Emlen Tunnell, via the U.S. Coast Guard

Friday, March 29, marks 100 years since Emlen Tunnell was born in eastern Pennsylvania. Tunnel made history on the football field, first as a Hawkeye, then in the NFL. After his playing days were over, Tunnell continued to make football history by becoming one of the first Black assistant coaches in the NFL. In 1967, he broke another barrier by becoming the first Black player inducted into the Pro Football Hall of Fame. 

But the most recent honors for Tunnell, who died in 1975, had nothing to do with football. In 2021, the U.S. Coast Guard named both a ship and a new athletic training facility at the Coast Guard Academy for Tunnell, to honor the memory of his service and  the heroic acts he performed as a Coast Guardsman during World War II.  

“It is so important that we take a look at these trailblazers, just like Mr. Tunnell, and we honor them because of all the things they faced in laying the groundwork for where we are today in making a better future,” Cmdr. Bill McKinstry told the Associated Press in 2021. McKinstry’s research on Tunnell helped bring about the Coast Guard’s belated recognition of him.

Emlen Tunnell was born in Bryn Mawr, Pennsylvania on March 29, 1924. He grew up in the neighboring town of Radnor, where he played varsity football in high school. In 2018, the town erected a bronze statue of Tunnell in his football uniform. Radnor also has a park named after him.

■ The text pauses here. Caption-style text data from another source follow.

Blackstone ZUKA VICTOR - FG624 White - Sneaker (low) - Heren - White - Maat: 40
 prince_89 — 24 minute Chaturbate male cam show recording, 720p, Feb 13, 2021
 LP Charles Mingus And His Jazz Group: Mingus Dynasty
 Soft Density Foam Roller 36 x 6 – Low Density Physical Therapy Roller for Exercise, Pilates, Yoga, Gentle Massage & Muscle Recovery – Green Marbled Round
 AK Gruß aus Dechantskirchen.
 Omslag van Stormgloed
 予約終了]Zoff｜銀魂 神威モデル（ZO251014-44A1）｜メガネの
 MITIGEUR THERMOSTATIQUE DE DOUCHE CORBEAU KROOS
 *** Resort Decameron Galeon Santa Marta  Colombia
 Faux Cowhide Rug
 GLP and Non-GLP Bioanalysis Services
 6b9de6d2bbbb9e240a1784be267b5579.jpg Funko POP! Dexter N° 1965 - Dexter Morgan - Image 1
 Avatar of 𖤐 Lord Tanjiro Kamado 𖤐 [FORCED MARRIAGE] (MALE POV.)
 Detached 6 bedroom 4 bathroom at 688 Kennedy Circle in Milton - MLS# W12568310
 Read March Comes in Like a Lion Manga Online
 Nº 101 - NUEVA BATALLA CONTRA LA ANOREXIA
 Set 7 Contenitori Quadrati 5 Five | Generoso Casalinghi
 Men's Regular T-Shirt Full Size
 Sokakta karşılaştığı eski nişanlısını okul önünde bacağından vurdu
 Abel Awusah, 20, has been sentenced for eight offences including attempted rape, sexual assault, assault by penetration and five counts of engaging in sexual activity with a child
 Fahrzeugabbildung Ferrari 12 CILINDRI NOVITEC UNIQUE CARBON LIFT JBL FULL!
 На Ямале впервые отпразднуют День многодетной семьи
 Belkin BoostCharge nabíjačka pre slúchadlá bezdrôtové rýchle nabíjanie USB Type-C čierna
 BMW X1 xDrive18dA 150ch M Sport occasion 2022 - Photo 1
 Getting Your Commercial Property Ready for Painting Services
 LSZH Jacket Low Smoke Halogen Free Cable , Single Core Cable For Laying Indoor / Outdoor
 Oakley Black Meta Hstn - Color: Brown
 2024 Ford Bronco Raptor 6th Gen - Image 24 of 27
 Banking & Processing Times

After graduating from Radnor High School, Tunnell enrolled at the University of Toledo, where he made the football team. But during an early season game, Tunnell fractured his neck. The doctor who treated him told Tunnell he should never play football again. The college freshman switched sports, and earned a place on the university’s basketball team.

After his freshman year, Tunnell left college to join the war effort. He tried to enlist in the Army, but failed the physical because of his neck injury. Tunnell kept looking for a way to serve, and the Coast Guard accepted him.

Tunnell joined the Coast Guard in 1943 and served until 1946 as a steward’s mate. It was a common assignment for Black Coastguardsmen. Tunnell served under the racist restrictions that were part of all branches of the military. The armed forces were still segregated at the time, and that did not begin to change until 1948,  three years after the end of World War II, when President Truman issued an executive order directing the services to end racial segregation. 

As a steward’s mate, Tunnell was largely confined to washing dishes and other cleaning assignments. But on at least two occasions, he showed extraordinary courage performing acts that had nothing to do with those duties.

In 1944, a ship Tunnell was serving on in the South Pacific was struck by a torpedo and caught fire. Tunnell ran into the burning part of the ship and dragged a shipmate who was on fire to safety. He beat out the flames with his hands, severely burning them.

Two years later, Tunnell was serving on a ship in the North Atlantic when a shipmate, Alfred Givens, fell overboard.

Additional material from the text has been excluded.